The nova which is now an HST target, was accidentally photographed in 1938 with the 72-inch telescope at the David Dunlap Observatory near Toronto, Canada. However it wasn't until 25 years later that this nova was actually discovered. In 1963, Amelia Wehlau (of David Dunlap Observatory) was studying photographic plates of the globular star cluster Messier 14 (located in the constellation Ophiuchus) obtained over an interval of three decades. The series of plates exposed in 1938 by Helen Sawyer Hogg (who today, at age 85, is still an active researcher) revealed the presence of a bright star where none was previously, nor subsequently, visible.
Apparently the nova was not noticed in 1938, but it probably erupted sometime in May of that year, a few weeks before the serendipitous photograph. The photographic evidence shows that by 1939 the nova had disappeared into the background of thousands of neighboring, brighter stars in the cluster.
In a series of observations over the last few years, Michael Shara of the Space Telescope Science Institute and colleagues obtained sensitive ground-based images and spectra of the area using telescopes in Chile and Hawaii. The researchers have suggested that a very faint image near in location to the 1938 event might in fact include the quiescent nova, which is now in its normal, faint state state as a binary star system.

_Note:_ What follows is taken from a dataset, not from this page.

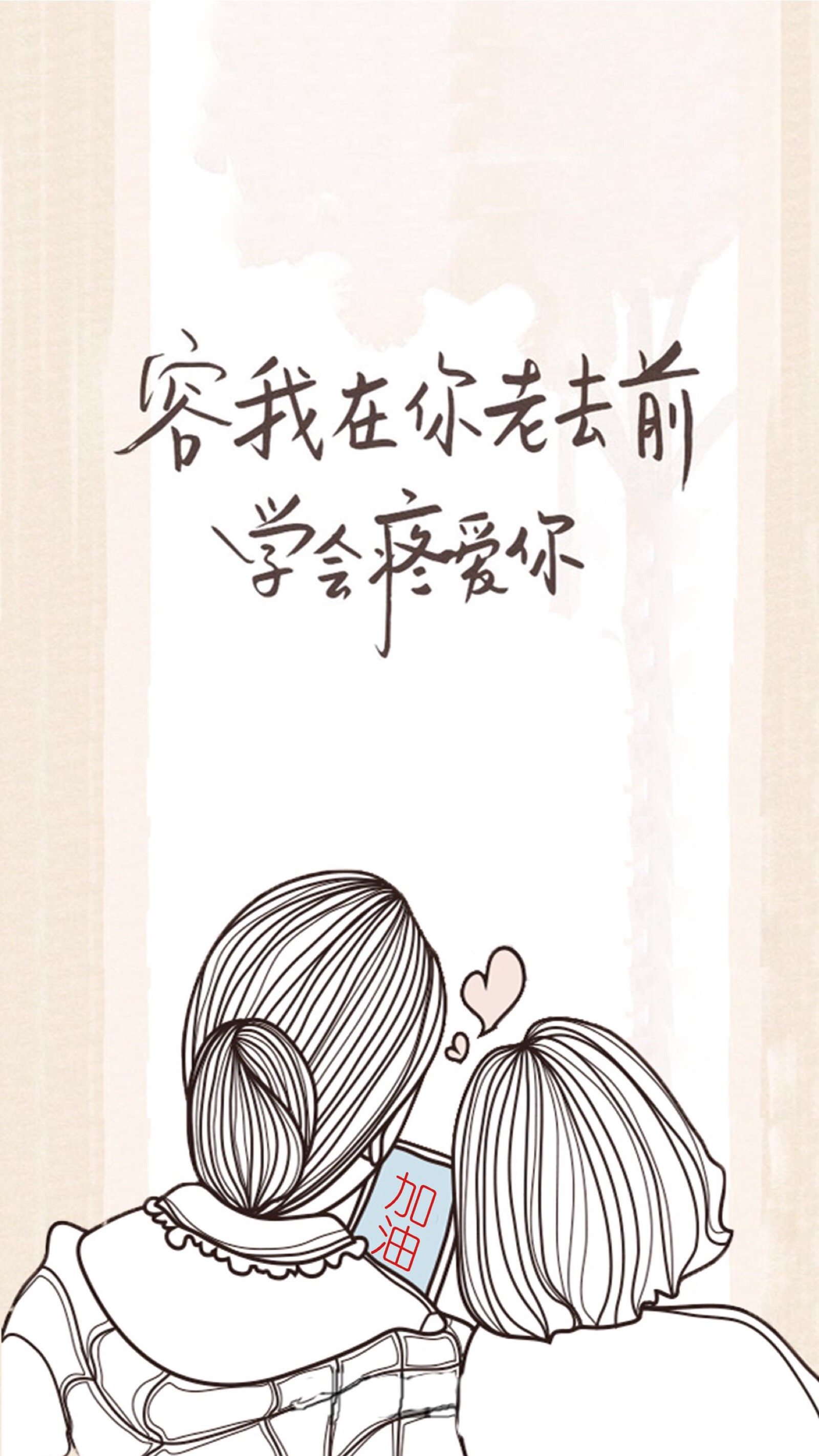 母亲节 堆糖,美图壁纸兴趣社区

Only a few binaries have been observed in globular star clusters because they are difficult to detect. Binaries may also be hard to detect because they are less numerous in globular star clusters than they are in our own galactic neighborhood. However, if even a small number of binaries exist in globular clusters they can, theoretically, drastically influence the motions of the other stars.
The next step in pinning down the nova's location requires further detailed analysis of the FOC data to identify which (if any) of the candidates is really the old nova. Because images were obtained in two different colors, astronomers will be able to search the dense star field for an object with unusual colors in comparison with its hundreds of neighbors. Such a peculiarity is one signature of many old novae. Although two of the five stellar candidates do seem to have slightly peculiar colors, the oddity is not extreme. Whether this fact alone represents another discovery, for example, that old novae in globular clusters are different from the ordinary kind outside of clusters, remains to be determined.

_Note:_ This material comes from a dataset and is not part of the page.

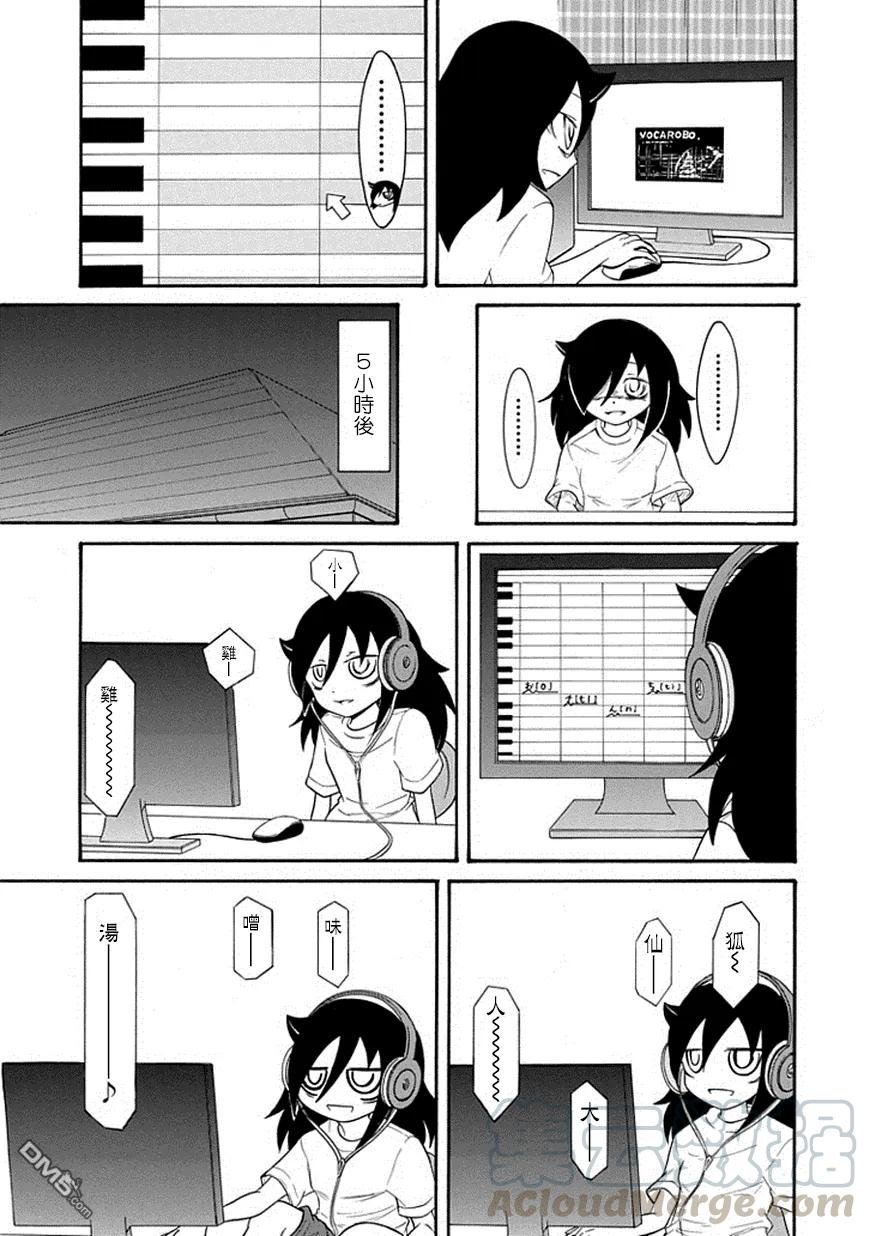丧52 不受欢迎所以作曲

A further step in this stellar detective hunt requires obtaining the spectra of the stars, to look for the typical spectral signature characteristic of novae. This is a task that would be terribly difficult from the ground, due to the crowding of nearby, unrelated stars, but should be possible with the HST Faint Object Spectrograph. The FOS team plans to perform these observations within the next several months to try and finally uncover this most peculiar star system.